Zurück ins Jetzt. Die Anzeichen, dass diese Vision zur Realität wird, mehren sich. Im Jahr 2020 haben die Europäische Union und Deutschland ihre Wasserstoffstrategien für das kommende Jahrzehnt beschlossen und Fördermittel bereitgestellt. Und es gibt immer mehr Anwendungsfälle für effiziente Wasserstoffnutzung, insbesondere in Industrie und Verkehr.
Eine realistische Vision?
Woran fehlt es nun noch? Was muss geschehen, um der Nutzung von Wasserstoff endgültig und nachhaltig zum Durchbruch zu verhelfen? Zum Beispiel gilt es jetzt, die wesentlichen Akteure zu vernetzen – von der Erzeugung über die Speicherung und Distribution bis zu den Herstellern wasserstoffbetriebener Fahrzeuge und Anlagen sowie den gewerblichen und privaten Nutzern. Zugleich fehlt es noch an einer einheitlichen und transparenten Bepreisung – etwa über eine zentrale Börse, wie beim Strom. Und auf der technischen Seite muss der Anteil des „grünen“, per Elektrolyse und mit regenerativen Energien erzeugten Wasserstoffs weiter steigen.

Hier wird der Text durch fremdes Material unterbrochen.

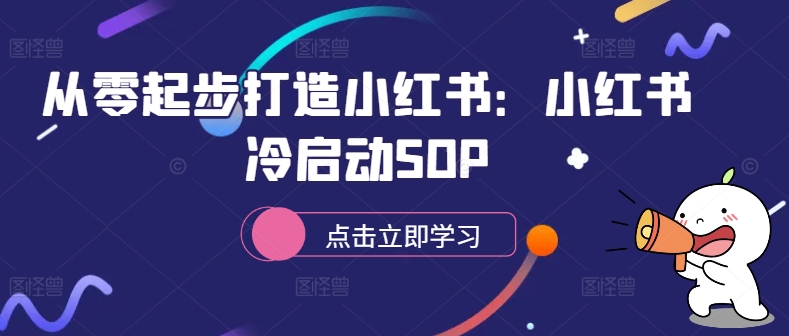 从零起步打造小红书：小红书冷启动SOP-随风资源网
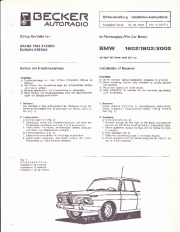 1971-1973 BMW 1602 1802 2002 Becker Audio Sound Owners Manual, 1971,1972,1973 page 1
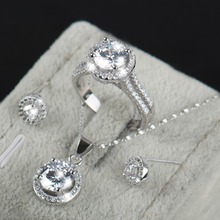 90% off Wedding ceremony Jewellery Units for Brides 925 Sterling Silver AAAAA Degree CZ Stud Earrings Ring Necklace Bridal Jewellery Set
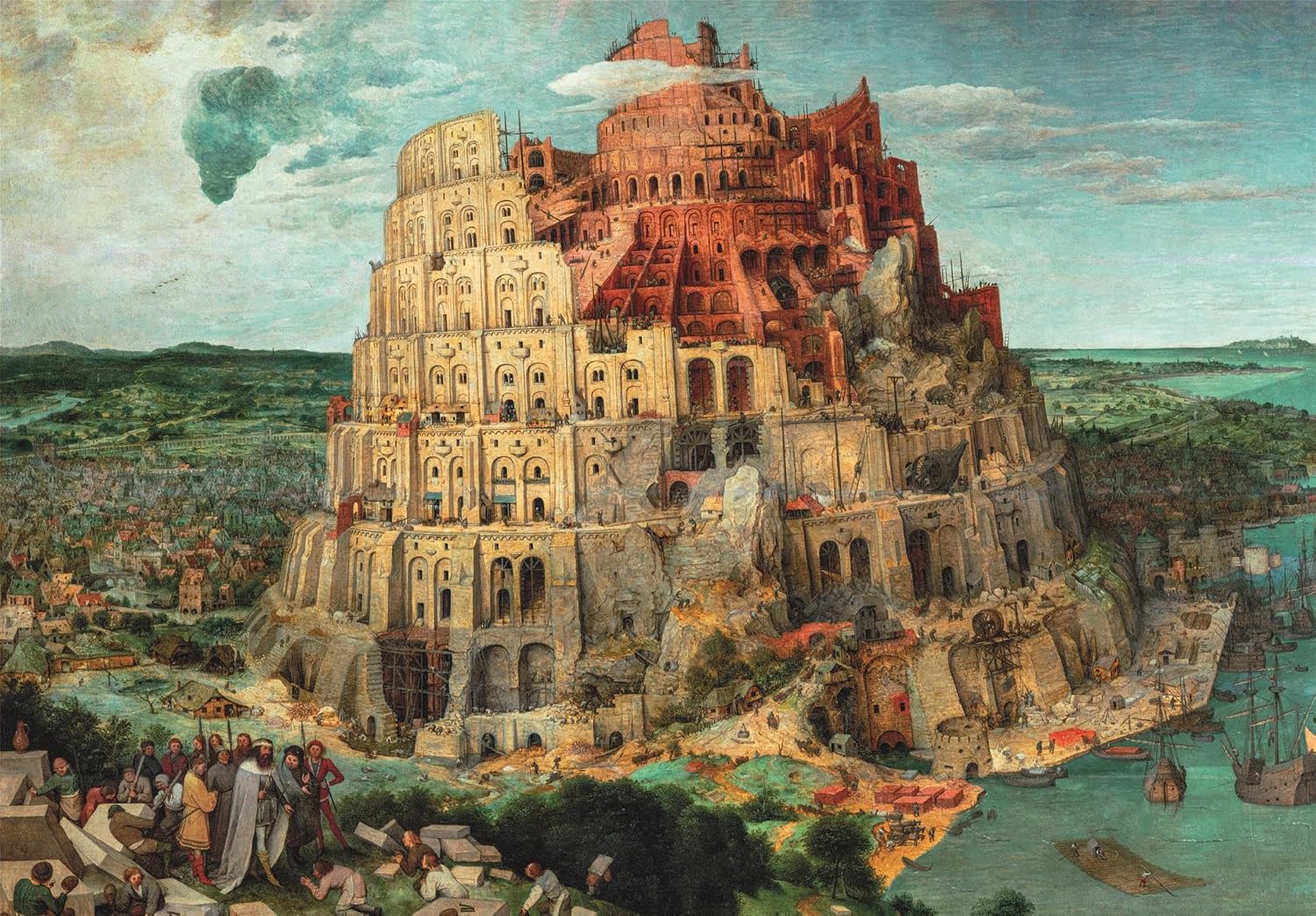Clementoni - 31738 Jigsaw Puzzle 1500 Pieces Art for Adults and Teenagers, Museum Collection, Tower of Babel by Bruegel, with Poster Included, Compact Box, Gift Idea Made in Italy, 84.5 x 59.4 cm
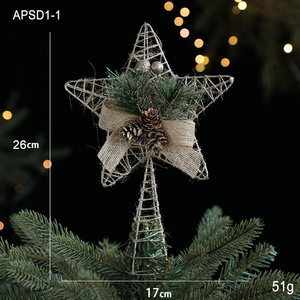 LINGKAI Rattan Woven Christmas <b>Tree</b> <b>Topper</b> Star with Pinecone Bow Rustic Tabletop <b>Xmas</b> <b>Tree</b> Top Star Ornament - Product Image 5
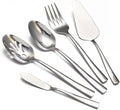 Large Hostess Serving Utensils Set, Stainless Steel Heavy Duty Serving spoons, Slotted Spoons, Serving Fork, Cake Server, Butter Knife, Dishwasher Safe (Silver)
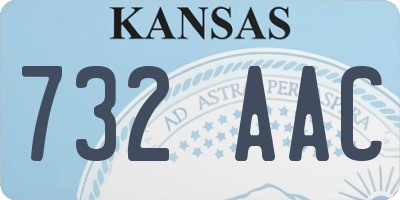 KS license plate 732AAC
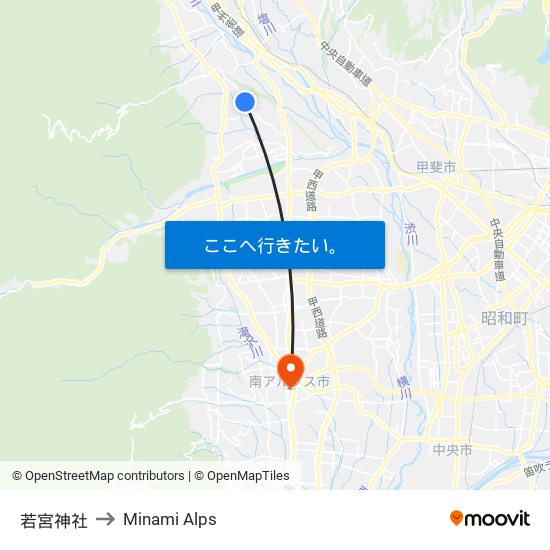 若宮神社 to Minami Alps map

Wenn diese Voraussetzungen erfüllt sind, können sich etwa wasserstoffbetriebene Brennstoffzellen-Heizungen und Lkw mit Wasserstoffantrieb auf breiter Front etablieren. Die chemische Industrie fände verlässliche Abnehmer für den Stoff, der dort oft als Reaktionsprodukt entsteht. Und Stahlerzeuger könnten nach der Umstellung ihrer Hochöfen von der Bekohlung auf Wasserstoff aufgrund der geringeren CO2-Abgaben erheblich günstiger und zudem umweltschonender produzieren.
Die Vorteile von Wasserstoff
- Energiewirtschaft: Speicherung und bedarfsgerechte Bereitstellung von durch Wind-, Wasser- oder Sonnenenergie erzeugtem Strom.
- Infrastruktur: Neues Geschäftsfeld, beispielsweise für Häfen, Tankstellen, Energieversorger und kommunale Versorger.
- Industrie: Erreichen von Nachhaltigkeitszielen, Kostenersparnis durch Vermeidung von Sanktionen und Abgaben (CO2-Steuer).
- Transport und Logistik: Reduktion von CO2-Emissionen und Lärm, größere Reichweiten durch kompakte Speicherfähigkeit.
Japan als Vorbild
Als Leitbild für die Umsetzung von Wasserstoffstrategien kann Japan dienen. 2017 setzte sich die Nation das Ziel, bis 2030 eine globale Liefer- und Abnehmerkette vollständig aufzubauen – mit 800.000 Brennstoffzellenautos, 1.200 Bussen und 10.000 Gabelstaplern allein in Japan. Die Gebäudetechnik ist schon in Teilen umgestellt: Seit 2009 wurden rund 300.000 kleine Blockheizkraftwerke auf Brennstoffzellenbasis installiert, bis 2030 sollen es mehr als fünf Millionen sein. Sie liefern Wärme und Strom für Haushalte, aber auch für die beliebten „konbini“. Das sind Mini-Supermärkte, die rund um die Uhr geöffnet sind und konstanten Bedarf an Energie in Form von Wärme und Strom haben – eine ideale Anwendung für Brennstoffzellen.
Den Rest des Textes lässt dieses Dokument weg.